Christison’s solicitors’ letter states that their client “believes it is his civic duty to challenge the outcome of the election result on the following grounds:
“1, that the organisation of the voting was chaotic;
“2, that there were insufficient staff at polling stations;
“3, that this disorganisation and lack of proper resourcing and staff led to long queues forming at the relevant polling stations throughout the evening, causing major delays and hardship to numerous voters, some of whom were elderly or infirm; and
“4, that these major delays resulted in possibly hundreds of people being denied their right to vote, including people being turned away or who left in frustration before polls closed.”
The solicitors’ letter includes a form for Waddon residents to complete with details of their voting experience on May 6 “as a matter of urgency”.
The letter finishes, “It is important that the shambolic organisation of the election is never repeated”.
No mention is made in the letter of the apparent anomaly in the presentation of the council election voting forms in Waddon, where Labour candidates did not have their party logo on the ballot form, a device intended to allow voters to identify where to place their vote.
Croydon council is delicately balanced after the 2010 election, with the Conservatives having 37 councillors and Labour 33. Any change in the Waddon result, where three Tory councillors were returned – Tony Harris, Clare Hilley and Simon Hoard – would leave the Town Hall needing the Duckworth-Lewis method to resolve many council issues.
Waddon is renowned as one of the most marginal wards in the borough.
At the Waddon election, where there was a 60 per cent turn-out, the three Tories polled 2,656 (Harris), 2,627 (Hilley) and 2,423 (Hoar) votes respectively. The three Labour candidates were within a few hundred votes: Hamida Ali (2,078), Joy Prince (2,047) and Christison (1,927). The next best tally of votes went to the LibDem, Geoffrey Gauge, who polled 1,332.
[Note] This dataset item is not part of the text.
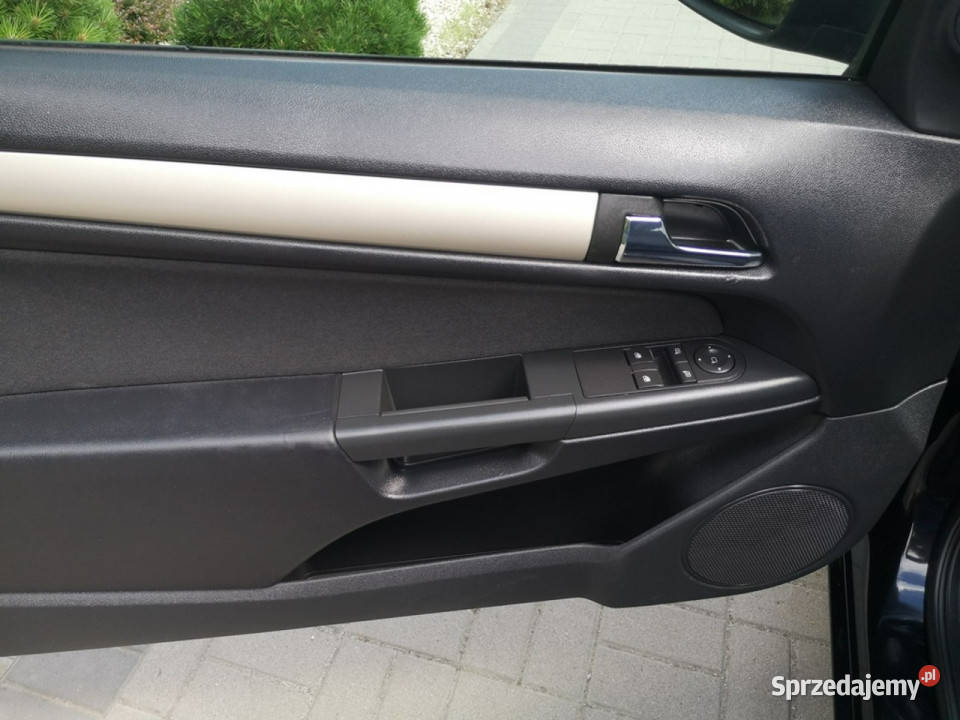 Opel Astra GTC 16 B 116 GTC Klimatronic lakier metallic Strzegom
An internal council inquiry has estimated about 80 people were unable to vote because of the queues outside polling stations in Barrow Road, Waddon and at Valley Park in the Broad Green ward.
Jon Rouse, the chief returning officer, will have to appear before a High Court judge, probably next month, to answer the legal challenge in a preliminary hearing.
The judge will then decide whether to hold a full hearing into the matter which would occur in the autumn.
In an interview in the Croydon Guardian, Christison rejected the outcome of the council’s own inquiry, saying, “Being denied the right to vote, a right people have fought and died for, is a scandal. Whether it was 80 people as the Council claim their ‘initial’ investigation has found, or 800, then it is an outrage.
“However, if, as I suspect, it is many more than the Council claim, then it is a challenge to democracy itself and is quite simply unacceptable.”
Croydon council has suggested that “some individuals’ descriptions of events on May 6 are becoming increasingly exaggerated.
“Of course, we regret that a small number of people were unable to vote. It will be a matter for the court to decide whether that made a difference.”